Medical Countermeasure Readiness
Medical countermeasures, or MCMs, are life-saving medicines and medical supplies regulated by the U.S. Food and Drug Administration (FDA) that can be used to diagnose, prevent, protect from, or treat conditions associated with chemical, biological, radiological, or nuclear (CBRN) threats, emerging infectious diseases or a natural disaster.
MCMs can include:
- Biologic products, such as vaccines, blood products and antibodies
- Drugs, such as antimicrobial or antiviral drugs
- Devices, including diagnostic tests to identify threat agents, and personal protective equipment (PPE), such as gloves, respirators (face masks), and ventilators.

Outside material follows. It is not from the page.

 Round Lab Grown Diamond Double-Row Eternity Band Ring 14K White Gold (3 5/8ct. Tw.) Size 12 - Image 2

Cities Readiness Initiative
CDC’s Cities Readiness Initiative (CRI) is a federally funded program designed to enhance preparedness in the nation’s largest population centers, where nearly 60% of the population resides, to effectively respond to large-scale public health emergencies needing life-saving medications and medical supplies. State and large metropolitan public health departments use CRI funding to develop, test, and maintain plans to quickly receive medical countermeasures from CDC’s Strategic National Stockpile and distribute them to local communities. The Strategic National Stockpile is the nation’s largest supply of medical countermeasures for use in a public health emergency severe enough to cause local supplies to run out.

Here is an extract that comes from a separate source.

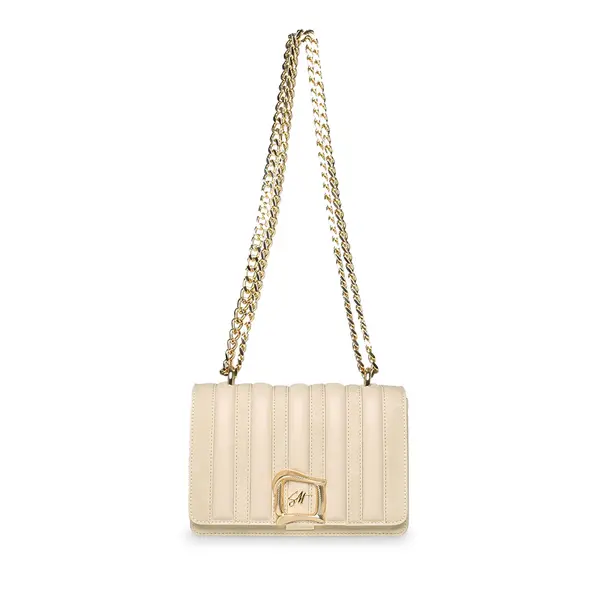 Poșetă crossbody femei Steve Madden Haunt bej 1661POSSBHAUNTBE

Participating Cities and Metropolitan Areas
The CRI project began in 2004 with 21 cities and has expanded to include a total of 72 cities and metropolitan statistical areas (MSAs) with at least one CRI city in every state.
CRI Cities and Metropolitan Areas
Baton Rouge, LA
Des Moines, IA
District of Columbia
Kansas City, MO
Las Vegas, NV
Little Rock, AR
New Haven, CT
New Orleans, LA
New York City, NY
Oklahoma City, OK
Salt Lake City, UT
San Antonio, TX
San Diego, CA
San Francisco, CA
San Jose, CA
Sioux Falls, SD
St. Louis, MO
Virginia Beach, VA
CRI is funded through CDC’s PHEP cooperative agreement. Funds are provided to the states for further distribution to the local level and to four large metropolitan areas: Chicago, Los Angeles County, New York City, and Washington, D.C., in support of all-hazards medical countermeasure distribution and dispensing planning and preparedness.

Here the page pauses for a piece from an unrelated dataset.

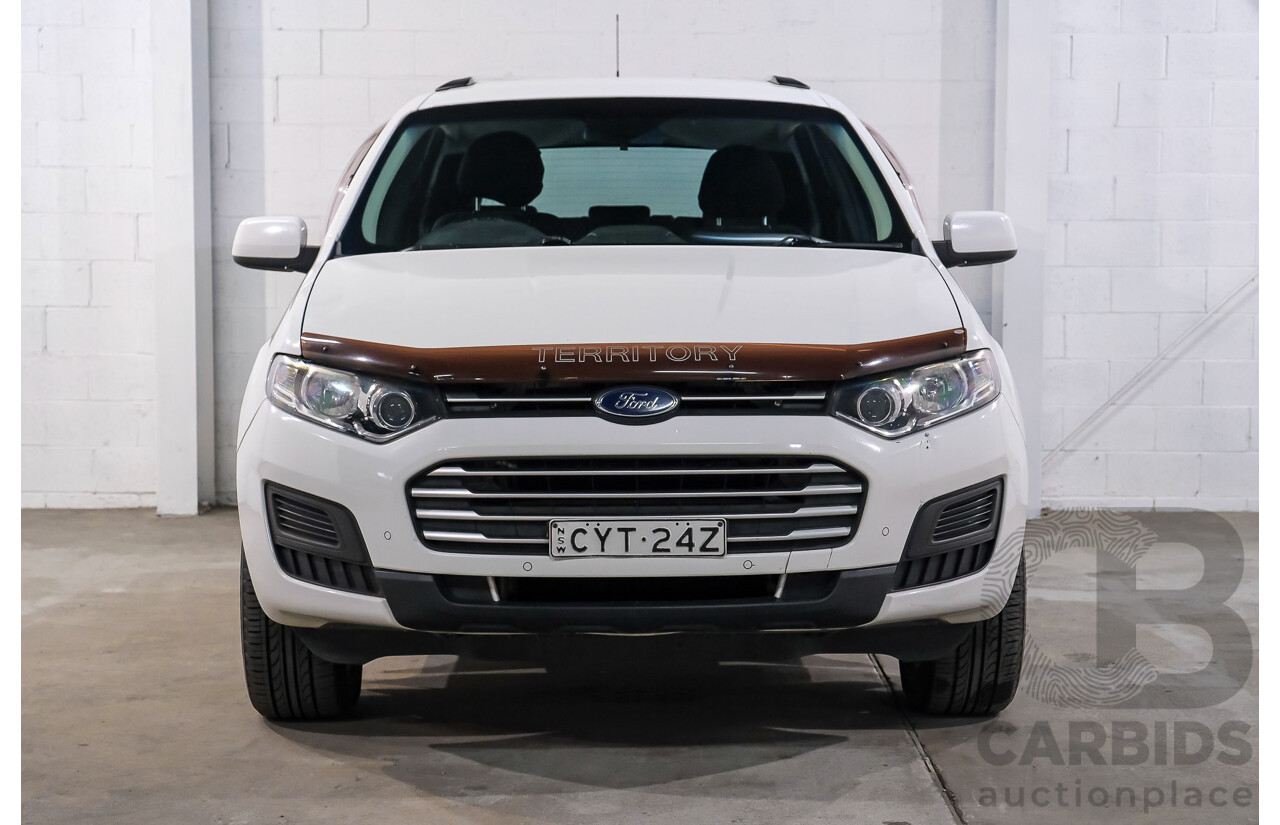 11/2014 Ford Territory TX SZ MK2 4D Wagon White 4.0L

Technical Assistance to Ensure MCM Operational Readiness
CDC’s Office of Public Health Preparedness and Response (OPHPR), Division of State and Local Readiness (DSLR), provides technical assistance to the participating CRI jurisdictions for developing plans and testing their capability to receive, distribute, and dispense medical countermeasures. To ensure continued readiness, CDC and state public health personnel conduct operational readiness reviews to better determine a CRI jurisdiction’s ability to implement plans for distributing and dispensing medicines and medical supplies in response to an incident or exercise requiring medical countermeasures from CDC’s Strategic National Stockpile.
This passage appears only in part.